**PROVIDED DATA:**
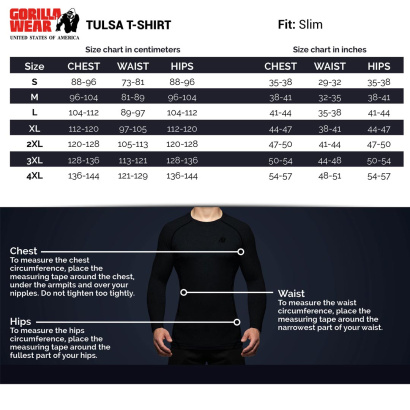 Gorilla Wear Tulsa T-Shirt White Gorilla Wear Tulsa T-Shirt White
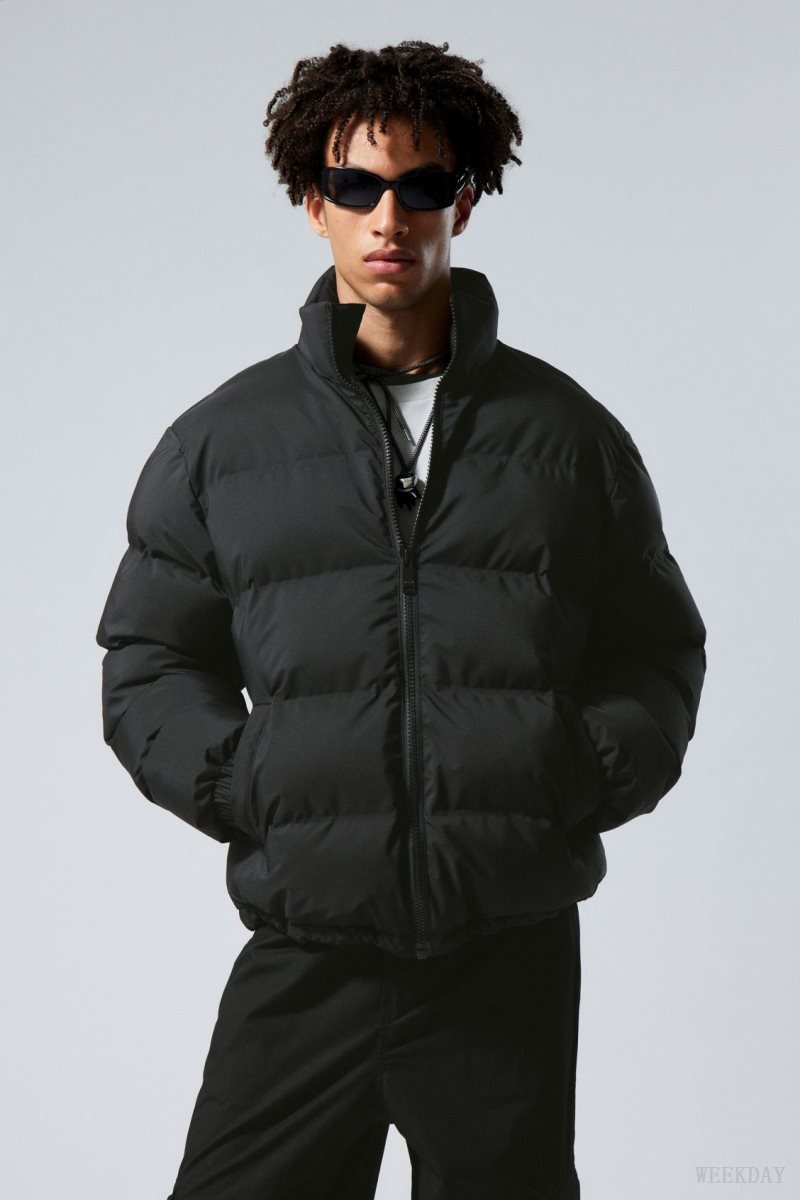 Weekday Cole Puffer Jacket 黒 | MTGW7825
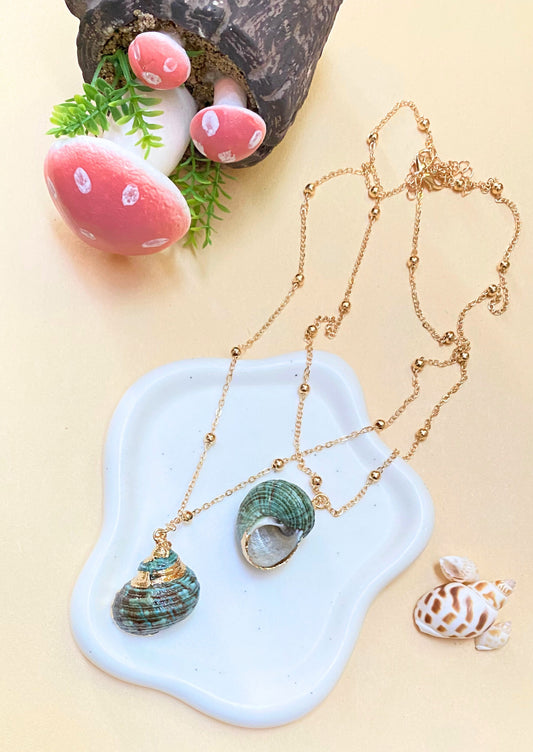 Green Shell Necklace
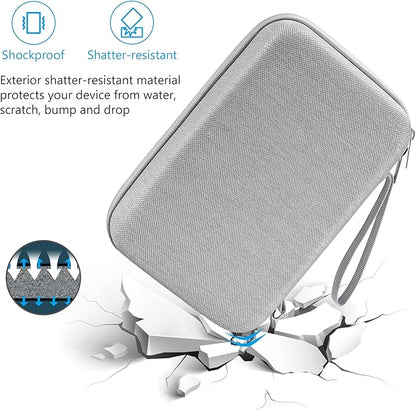 ProCase Hard Travel Electronic Organizer Case for MacBook Power Adapter Chargers Cables Power Bank Apple Magic Mouse Apple Pencil USB Flash Disk SD Card Small Portable Accessories Bag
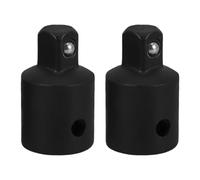 Yardenfun Adaptador Reductor de Trinquete 1/2 a 3/8 de Acero al Vanadio, Convertidor de Enchufe Retén de Bola, Set de 2 Piezas Compacto y Resistente para Mecánica y Bricolaje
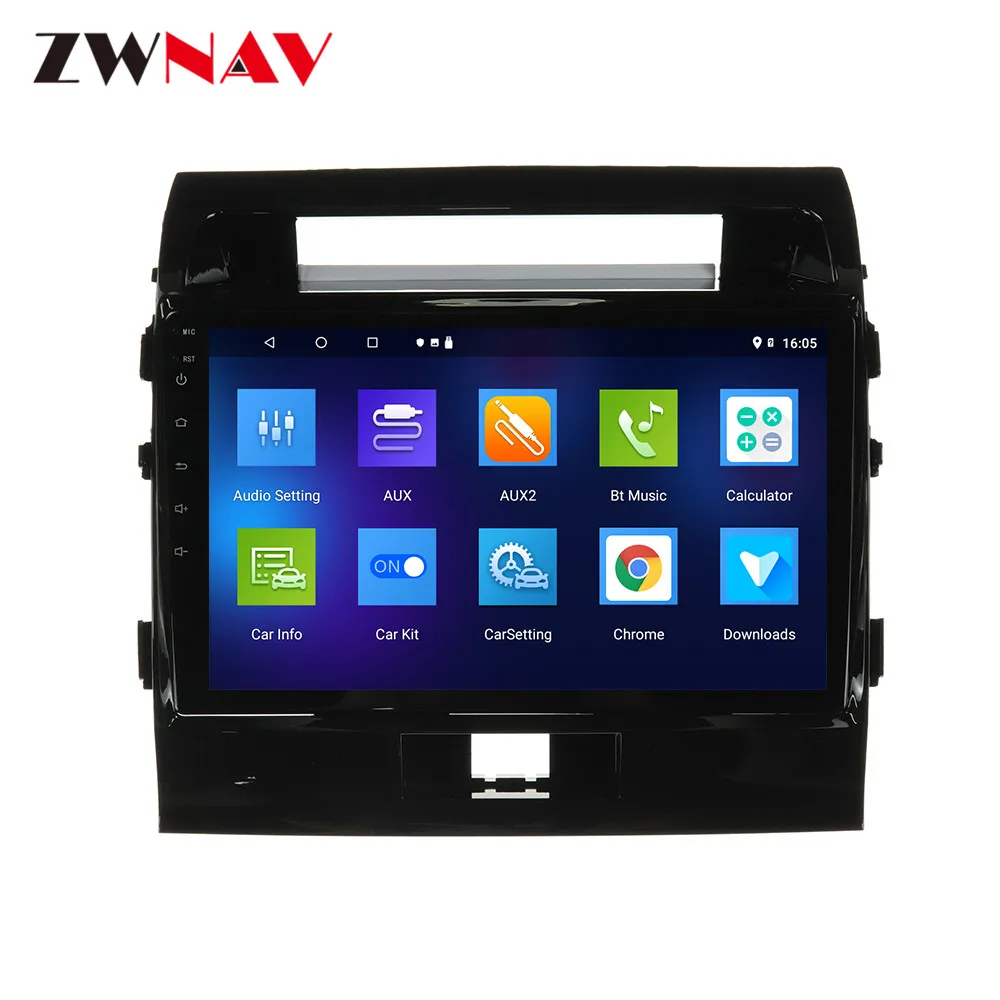 Android 13 4+128GB PX6 Car Multimedia player For Toyota Land Cruiser 200 2008-2015 car radio stereo GPS head unit touch screen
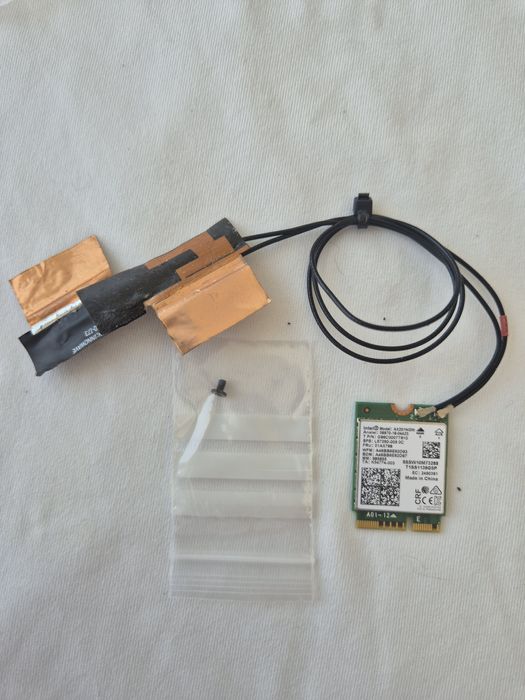 Módulo original Wi-Fi + Bluetooth Intel AX201 do laptop MSI Leopard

**WHAT THE EXERCISE ASKS:** Return the whole listing exactly, minus its pictures.

**RESULT BELOW:**
 Gorilla Wear Tulsa T-Shirt White Gorilla Wear Tulsa T-Shirt White
 Weekday Cole Puffer Jacket 黒 | MTGW7825
 Green Shell Necklace
 ProCase Hard Travel Electronic Organizer Case for MacBook Power Adapter Chargers Cables Power Bank Apple Magic Mouse Apple Pencil USB Flash Disk SD Card Small Portable Accessories Bag
 Yardenfun Adaptador Reductor de Trinquete 1/2 a 3/8 de Acero al Vanadio, Convertidor de Enchufe Retén de Bola, Set de 2 Piezas Compacto y Resistente para Mecánica y Bricolaje
 Android 13 4+128GB PX6 Car Multimedia player For Toyota Land Cruiser 200 2008-2015 car radio stereo GPS head unit touch screen
 Módulo original Wi-Fi + Bluetooth Intel AX201 do laptop MSI Leopard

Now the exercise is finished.